(WORK ORDER) Give back an exact repetition of the material below, from its first line through the line that contains "brief qwn monogram logo ontwerp vector", both included, minus the pictures.

(GIVEN INFORMATION)
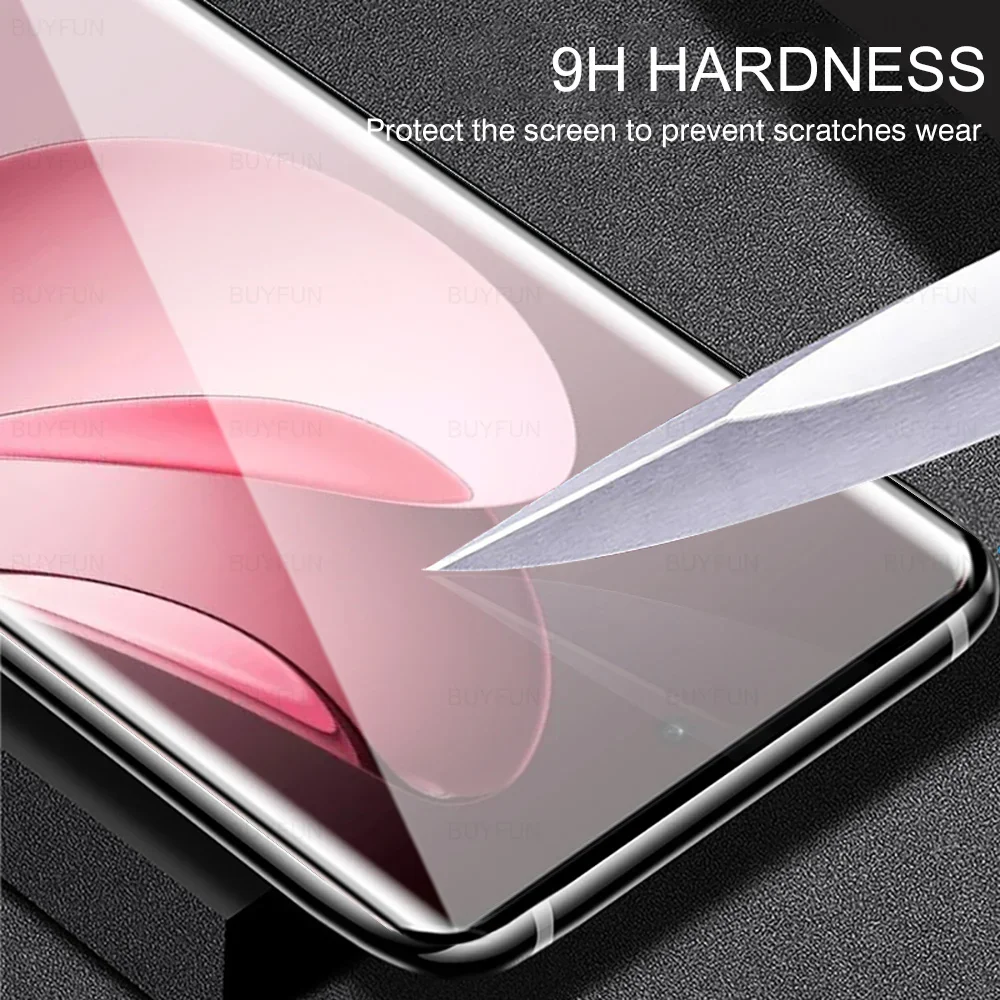 Premium 6-in-1 Tempered Glass Screen & Camera Protector with Curved Glass Cover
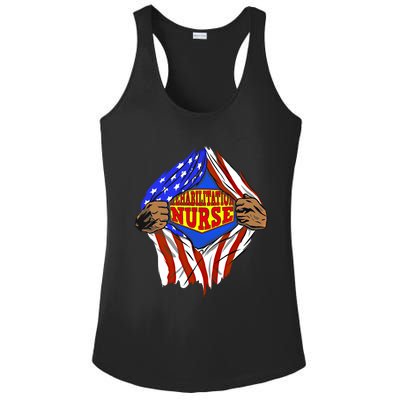 Funny Super Rehabilitation Nurse Hero Job Gift Ladies PosiCharge Competitor Racerback Tank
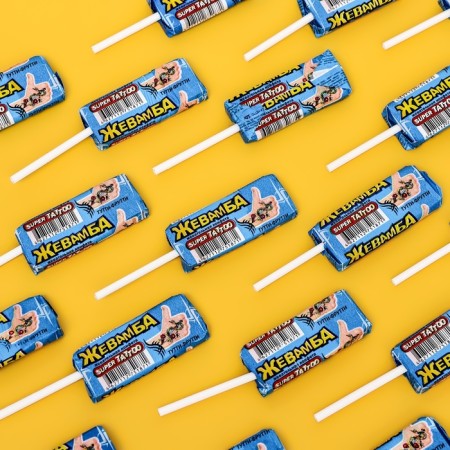 Chewing candy "Zhevamba" Super Tattoo Tutto-Futti, 10 g-2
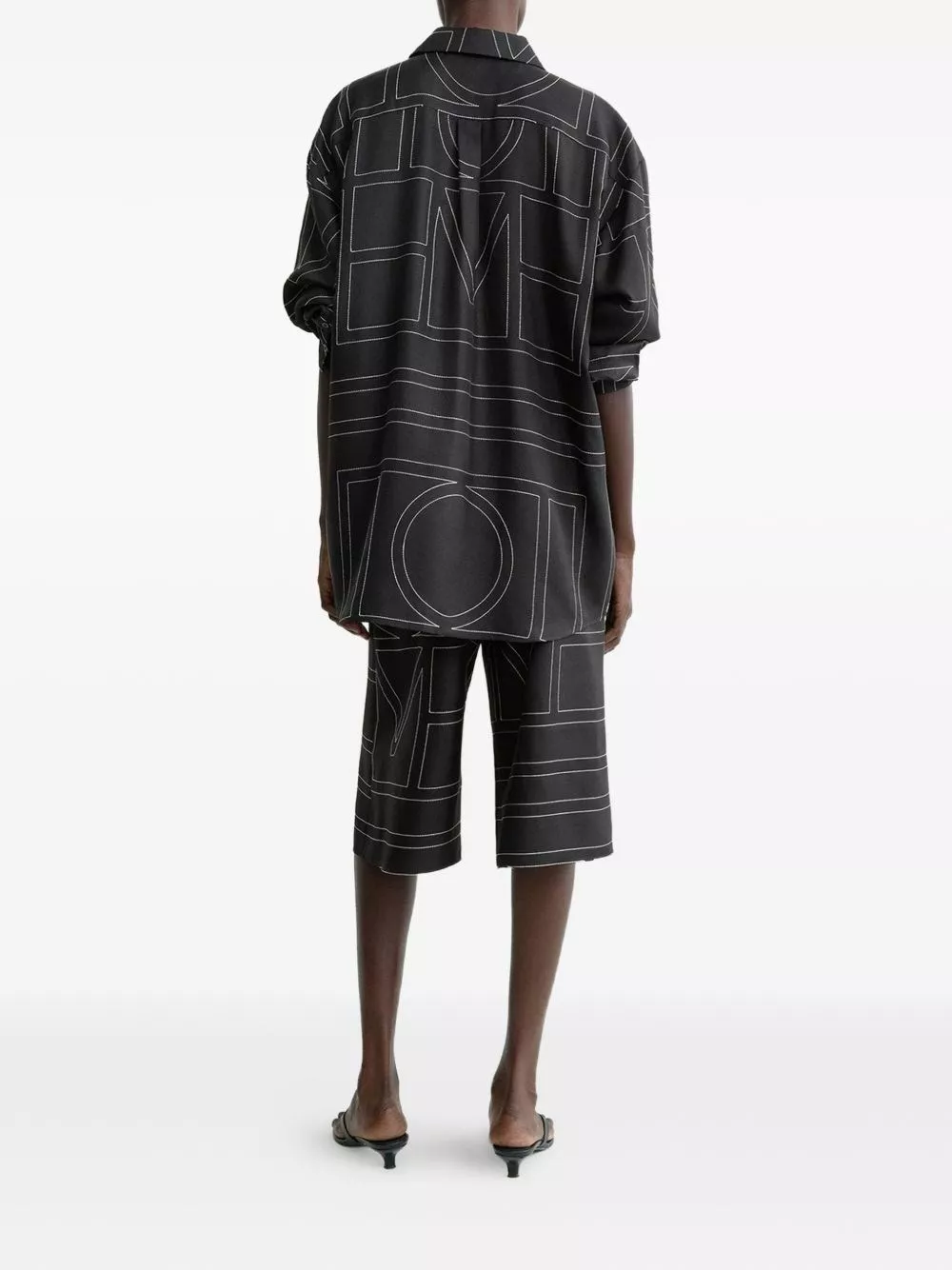 Toteme Camicia in seta ricamata, view 2
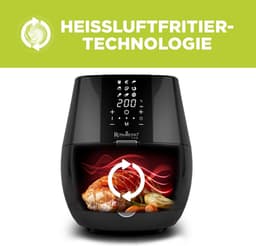 Heteluchtfriteuse - Airfryer - Gezond Koken - 9 Programma's - 35 Liter - Zwart — thumbnail 5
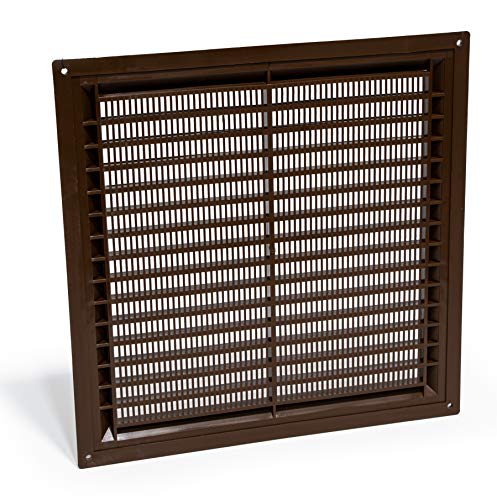 Vent Systems 8'' X 8" Inch Brown Air Vent Cover Plastic Air Return Grill Hvac Vent Cover For Home Improvement Vent Duct Cover 200X200Mm #TOP1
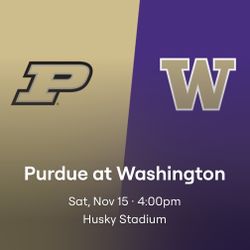 Washington Huskies Football Saturday 11/15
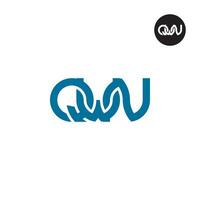 brief qwn monogram logo ontwerp vector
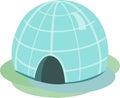 Igloo Vector Illustration Royalty Free Stock Photo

(RESPONSE FOR THIS EXERCISE)
 Premium 6-in-1 Tempered Glass Screen & Camera Protector with Curved Glass Cover
 Funny Super Rehabilitation Nurse Hero Job Gift Ladies PosiCharge Competitor Racerback Tank
 Chewing candy "Zhevamba" Super Tattoo Tutto-Futti, 10 g-2
 Toteme Camicia in seta ricamata, view 2
 Heteluchtfriteuse - Airfryer - Gezond Koken - 9 Programma's - 35 Liter - Zwart — thumbnail 5
 Vent Systems 8'' X 8" Inch Brown Air Vent Cover Plastic Air Return Grill Hvac Vent Cover For Home Improvement Vent Duct Cover 200X200Mm #TOP1
 Washington Huskies Football Saturday 11/15
 brief qwn monogram logo ontwerp vector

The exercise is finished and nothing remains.